Records from a dataset:
------------------------------------------------------------
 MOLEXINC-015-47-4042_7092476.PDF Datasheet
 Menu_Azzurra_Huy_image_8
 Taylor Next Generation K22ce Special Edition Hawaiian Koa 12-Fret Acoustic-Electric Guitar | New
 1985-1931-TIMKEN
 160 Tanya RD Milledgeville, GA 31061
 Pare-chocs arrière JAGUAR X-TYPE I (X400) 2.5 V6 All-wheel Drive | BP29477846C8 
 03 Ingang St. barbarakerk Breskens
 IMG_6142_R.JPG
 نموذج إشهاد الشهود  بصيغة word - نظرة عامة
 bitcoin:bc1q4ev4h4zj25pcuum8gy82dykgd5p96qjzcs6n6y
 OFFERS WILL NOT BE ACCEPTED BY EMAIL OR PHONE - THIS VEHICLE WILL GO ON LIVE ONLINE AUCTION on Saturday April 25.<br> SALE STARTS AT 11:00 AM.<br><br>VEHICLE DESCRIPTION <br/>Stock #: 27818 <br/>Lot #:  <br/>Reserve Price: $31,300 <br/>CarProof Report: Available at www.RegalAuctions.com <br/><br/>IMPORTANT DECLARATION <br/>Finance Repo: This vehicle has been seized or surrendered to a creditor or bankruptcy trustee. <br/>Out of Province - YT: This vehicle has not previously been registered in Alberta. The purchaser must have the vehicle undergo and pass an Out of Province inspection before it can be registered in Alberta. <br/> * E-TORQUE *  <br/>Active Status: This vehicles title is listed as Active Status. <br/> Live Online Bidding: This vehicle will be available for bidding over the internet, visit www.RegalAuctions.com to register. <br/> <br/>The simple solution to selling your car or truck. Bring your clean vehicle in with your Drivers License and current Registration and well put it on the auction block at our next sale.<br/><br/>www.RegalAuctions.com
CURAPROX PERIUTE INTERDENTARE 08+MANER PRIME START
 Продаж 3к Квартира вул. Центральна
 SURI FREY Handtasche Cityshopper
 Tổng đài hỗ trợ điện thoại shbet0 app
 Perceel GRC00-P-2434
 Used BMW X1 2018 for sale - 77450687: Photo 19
------------------------------------------------------------
The stretch of entries above that starts with the line containing "1985-1931-TIMKEN" and goes on through the line containing "bitcoin:bc1q4ev4h4zj25pcuum8gy82dykgd5p96qjzcs6n6y" is to be transcribed exactly, and no other line is to be transcribed.

 1985-1931-TIMKEN
 160 Tanya RD Milledgeville, GA 31061
 Pare-chocs arrière JAGUAR X-TYPE I (X400) 2.5 V6 All-wheel Drive | BP29477846C8 
 03 Ingang St. barbarakerk Breskens
 IMG_6142_R.JPG
 نموذج إشهاد الشهود  بصيغة word - نظرة عامة
 bitcoin:bc1q4ev4h4zj25pcuum8gy82dykgd5p96qjzcs6n6y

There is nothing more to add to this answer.